Während
der Premiere der neuen "Aida"-Produktion und in den Tagen danach befanden
wir uns im Urlaub. Nach unserer Rückkehr wurde uns von geradezu euphorischen
Kritiken in Presse und TV berichtet, die für restlos ausverkaufte Vorstellungen
sorgten. Entsprechend hoch waren die Erwartungen, als es gelang, für die
fünfte Vorstellung noch Karten zu ergattern.
Leider
stellt sich die große "Warum waren die Kritiken so euphorisch?"-Frage.
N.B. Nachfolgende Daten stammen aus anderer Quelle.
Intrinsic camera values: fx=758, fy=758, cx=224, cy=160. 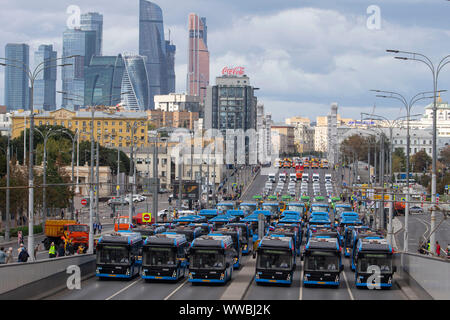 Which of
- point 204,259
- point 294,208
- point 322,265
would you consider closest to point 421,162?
point 294,208

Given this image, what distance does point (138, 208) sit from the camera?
92.8m

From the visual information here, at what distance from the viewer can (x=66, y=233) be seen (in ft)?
161

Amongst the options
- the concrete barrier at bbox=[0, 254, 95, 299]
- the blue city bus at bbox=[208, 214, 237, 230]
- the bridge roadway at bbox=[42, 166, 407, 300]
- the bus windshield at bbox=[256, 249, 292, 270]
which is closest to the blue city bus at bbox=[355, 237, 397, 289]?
the bridge roadway at bbox=[42, 166, 407, 300]

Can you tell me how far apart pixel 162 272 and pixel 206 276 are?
1981mm

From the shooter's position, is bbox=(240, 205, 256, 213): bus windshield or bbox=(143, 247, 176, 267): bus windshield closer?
bbox=(143, 247, 176, 267): bus windshield

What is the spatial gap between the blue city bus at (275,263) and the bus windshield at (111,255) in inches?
232

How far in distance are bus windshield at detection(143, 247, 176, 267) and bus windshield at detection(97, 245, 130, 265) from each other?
1.04m

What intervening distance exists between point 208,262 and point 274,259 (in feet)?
Answer: 9.41

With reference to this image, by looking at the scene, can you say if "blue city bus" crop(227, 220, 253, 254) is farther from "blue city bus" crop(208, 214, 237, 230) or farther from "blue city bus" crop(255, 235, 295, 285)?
"blue city bus" crop(255, 235, 295, 285)

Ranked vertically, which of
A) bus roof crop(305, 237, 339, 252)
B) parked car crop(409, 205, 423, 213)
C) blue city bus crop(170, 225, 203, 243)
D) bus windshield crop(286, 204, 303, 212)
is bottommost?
parked car crop(409, 205, 423, 213)

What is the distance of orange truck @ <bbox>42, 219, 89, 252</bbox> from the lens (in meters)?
48.9

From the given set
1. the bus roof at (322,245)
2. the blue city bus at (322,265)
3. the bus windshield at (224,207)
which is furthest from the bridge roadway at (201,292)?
the bus windshield at (224,207) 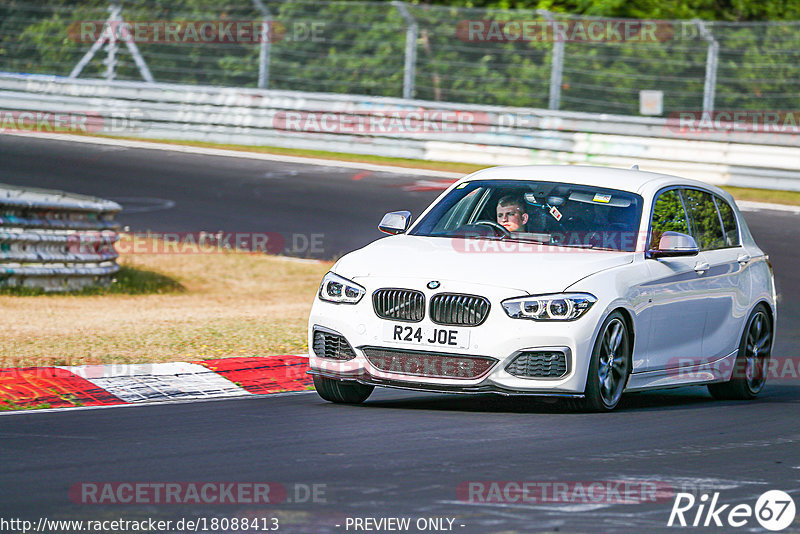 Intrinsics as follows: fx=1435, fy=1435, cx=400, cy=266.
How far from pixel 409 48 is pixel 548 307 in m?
18.7

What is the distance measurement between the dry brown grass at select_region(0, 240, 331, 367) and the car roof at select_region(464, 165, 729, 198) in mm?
2407

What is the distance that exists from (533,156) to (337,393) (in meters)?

Hierfür war nämlich schwerlich ein Grund zu erkennen. Die Inszenierung
von Guy JOOSTEN belanglos zu nennen, würde ihr zuviel der Ehre antun.
Es gibt diverse Versatzstücke, die man woanders schon gesehen hat (der
Triumphakt als Cocktailparty, die Priester als Vertreter der Kirche, den
Auftritt des Boten als Propagandainszenierung), nur wurden sie da besser
dargeboten.
Fast
permanent befindet sich ein Bett auf der Bühne (Bühnenbild Johannes LEIACKER),
in dem sich zu Anfang Aida und Radames wälzen, bis dann alle weiteren
Figuren ungehindert in dieses Zimmer marschieren. Ich würde ja mal über
Türen nachdenken. An den Wänden befinden sich Projektionen von Ameisen
(oder auch Termiten?), deren Anwesenheit sich überhaupt nicht erschließt.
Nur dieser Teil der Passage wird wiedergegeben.